Di berbagai Pemilu yang khususnya berhubungan dengan pemilihan Kepala Pemerintahan, apabila petahana (incumbent) ikut sebagai kontestan, maka keberpihakkan selalu mewarnai. Ini disebabkan petahana memiliki jaringan dan perangkat penggalangan yang cukup. Selama masa berkuasa ia membangun kekuatan dukungan yang hampir sempurna.

Pemilu damai itu belum tentu jujur dan adil. Sebaliknya Pemilu yang jujur dan adil dipastikan damai. Sebab jika tidak jujur dan tak adil akan muncul reaksi berupa gerakan protes dan gugatan yang membuat situasi menjadi "panas", friktif, dan bisa saja anarkis. Kondisi kemudian menjadikan negara dalam keadaan tak aman, tidak tertib, dan tidak damai. Program atau deklarasi Pemilu damai urgensinya lebih rendah daripada kampanye Pemilu jujur dan adil.

Sebab bisa saja terjadi kondisi paradoksal yakni gelar Pemilu damai adalah upaya untuk (diam diam) melakukan kecurangan atas dasar keberpihakan kepada salah satu kontestan. Paradigma yang dibangun adalah "biar curang yang penting damai". Celaka jika paradigma seperti ini yang dianut.

Pendek kata, yang harus kita lakukan adalah mengkampanyekan, mendeklarasikan dan membangun "state of mind" publik yang berorientasi pada "Jujur dan Adil". Berjuang untuk demokrasi yang konsisten, bersih, dan berkeadaban. Kecurangan dan kezaliman mesti dilawan dengan sekuat tenaga.

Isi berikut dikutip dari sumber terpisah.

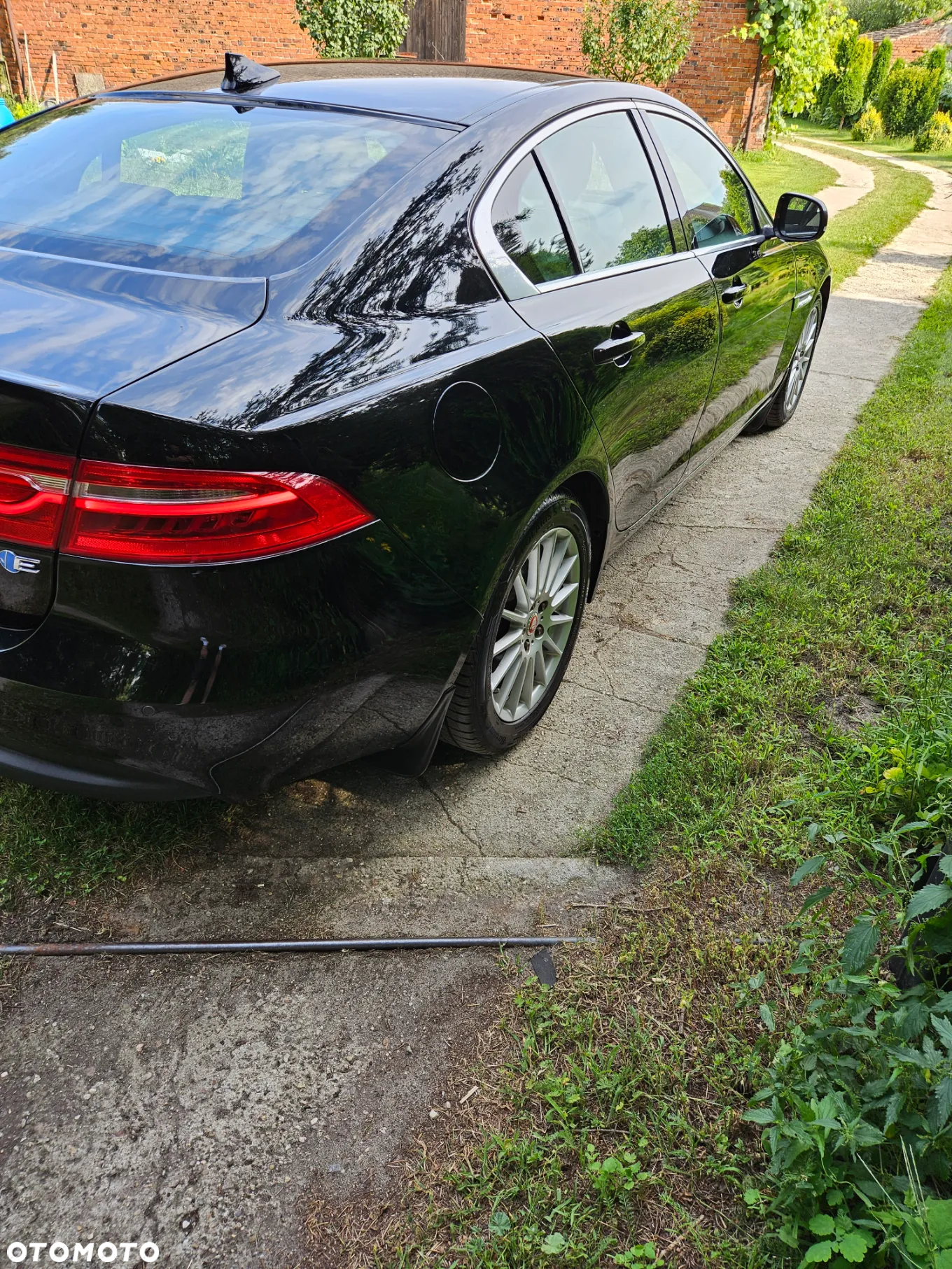 Jaguar XE 2.0 D Prestige - 6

Rakyat mesti digalang dan dimotivasi untuk tidak boleh menerima hasil Pemilu yang tidak jujur dan adil. Pemerintahan yang dibangun atas dasar kecurangan dan ketidakadilan adalah "The Devil Government". Pemerintahan yang kelak akan selalu menindas, menipu, dan membohongi rakyat.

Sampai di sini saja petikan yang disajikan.